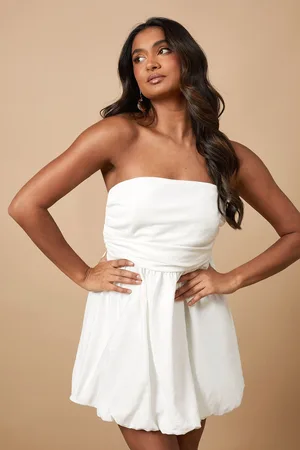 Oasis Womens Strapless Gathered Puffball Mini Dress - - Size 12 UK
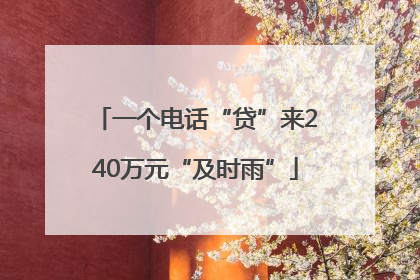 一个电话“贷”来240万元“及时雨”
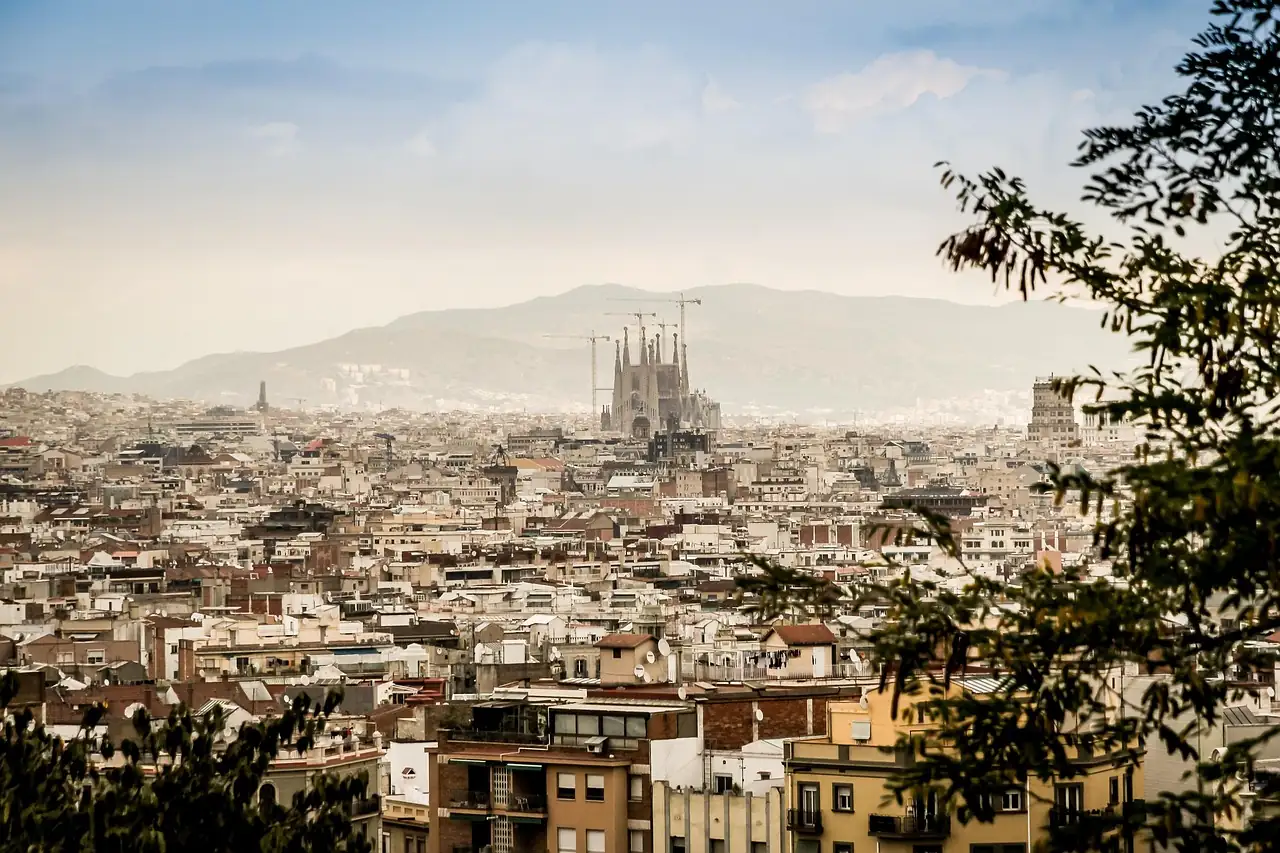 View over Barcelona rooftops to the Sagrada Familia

---

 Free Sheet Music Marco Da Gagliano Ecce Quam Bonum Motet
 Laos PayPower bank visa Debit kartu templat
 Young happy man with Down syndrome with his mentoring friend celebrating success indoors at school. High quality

---

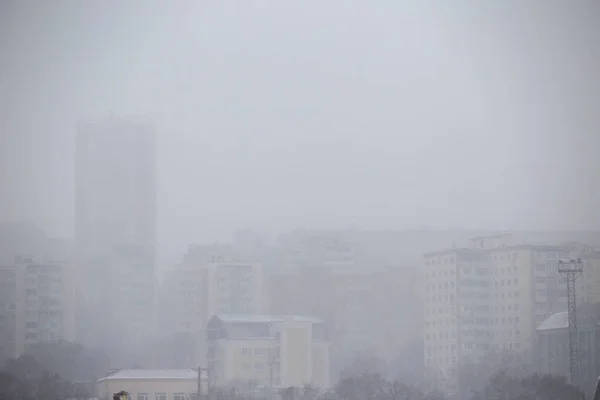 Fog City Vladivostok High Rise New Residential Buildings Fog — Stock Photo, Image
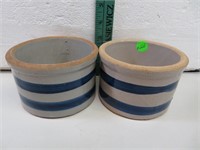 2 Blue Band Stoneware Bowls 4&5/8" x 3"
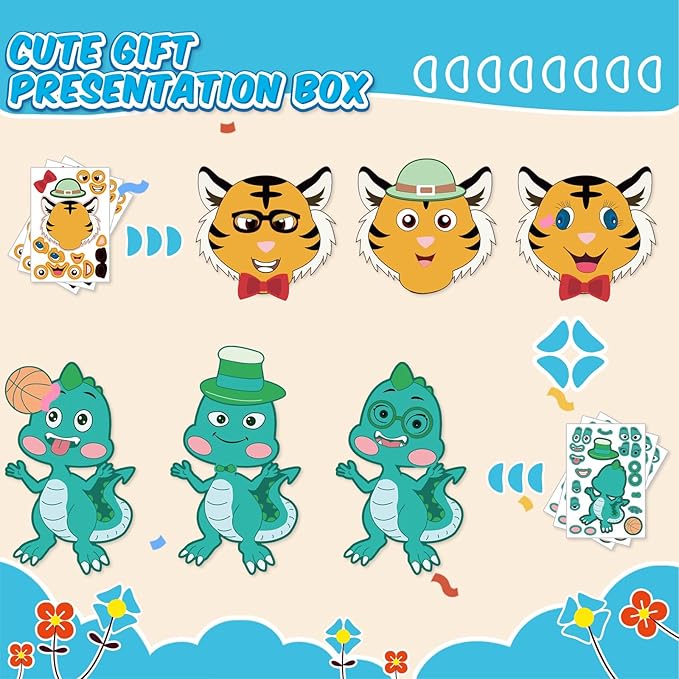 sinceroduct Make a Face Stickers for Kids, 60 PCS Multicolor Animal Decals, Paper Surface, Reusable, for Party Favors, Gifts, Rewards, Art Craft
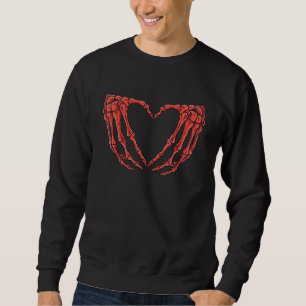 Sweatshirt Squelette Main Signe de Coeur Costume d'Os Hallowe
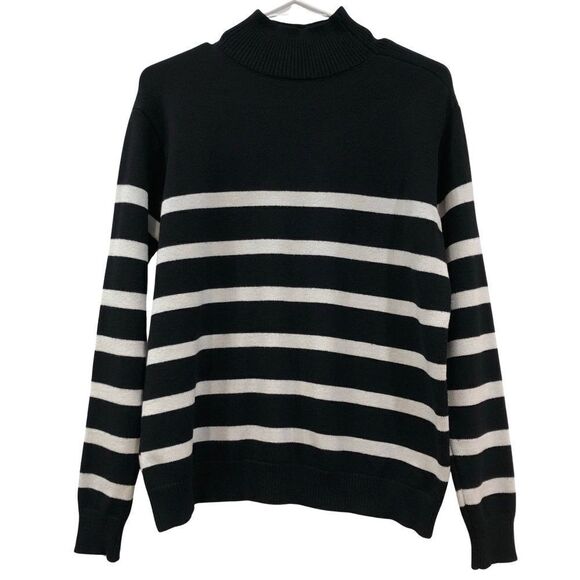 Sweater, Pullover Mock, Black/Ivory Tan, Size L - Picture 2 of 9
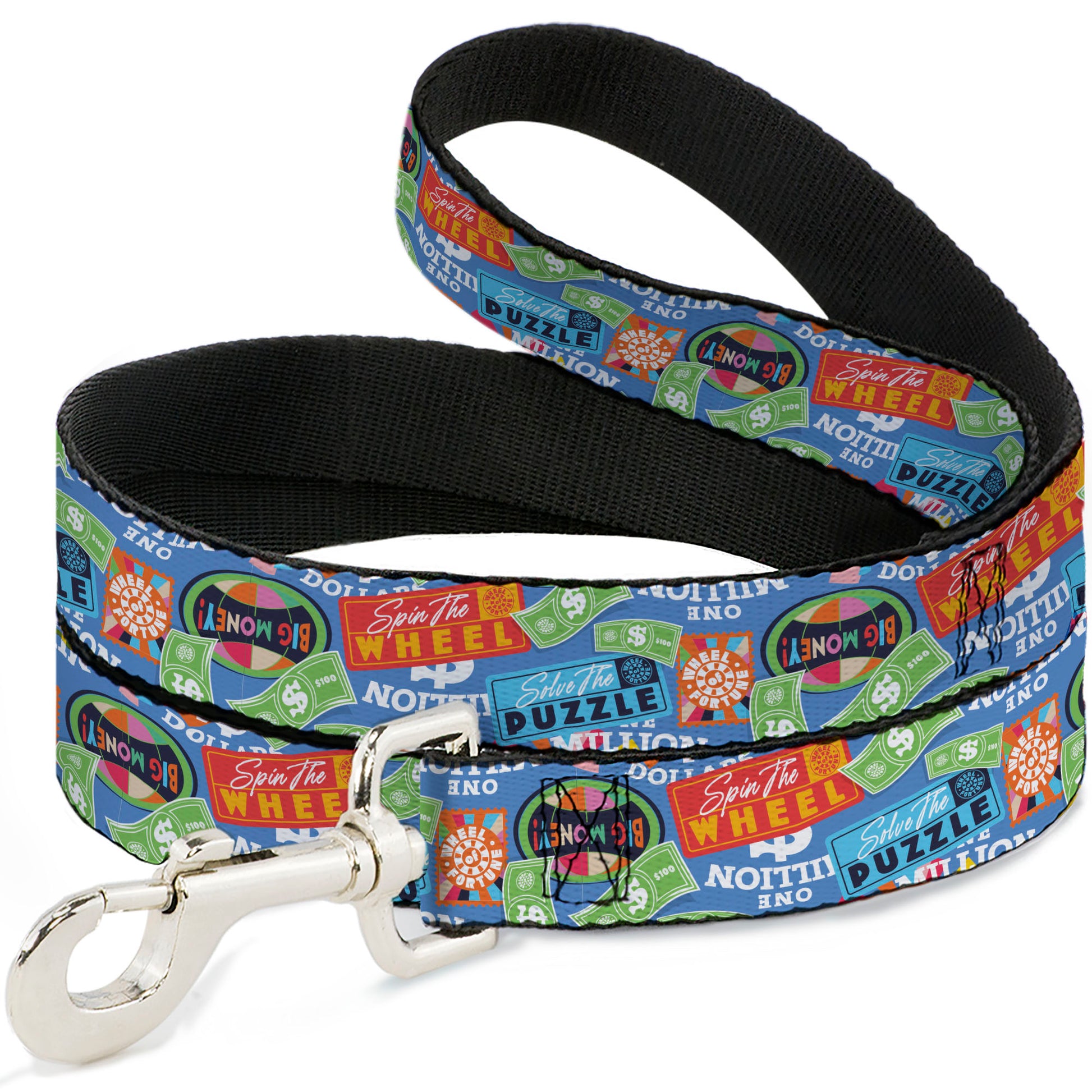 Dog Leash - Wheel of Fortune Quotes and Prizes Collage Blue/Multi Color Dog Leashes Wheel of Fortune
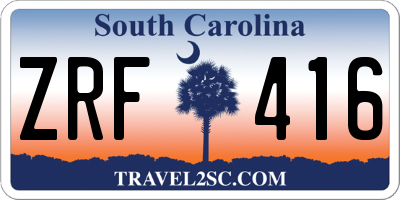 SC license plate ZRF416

> Exercise description: Copy only the lines above from the one containing "Sweater, Pullover Mock, Black/Ivory" through the one containing "SC license plate ZRF416", both included. Leave out the pictures.

> Result of the exercise:
 Sweater, Pullover Mock, Black/Ivory Tan, Size L - Picture 2 of 9
 Dog Leash - Wheel of Fortune Quotes and Prizes Collage Blue/Multi Color Dog Leashes Wheel of Fortune
 SC license plate ZRF416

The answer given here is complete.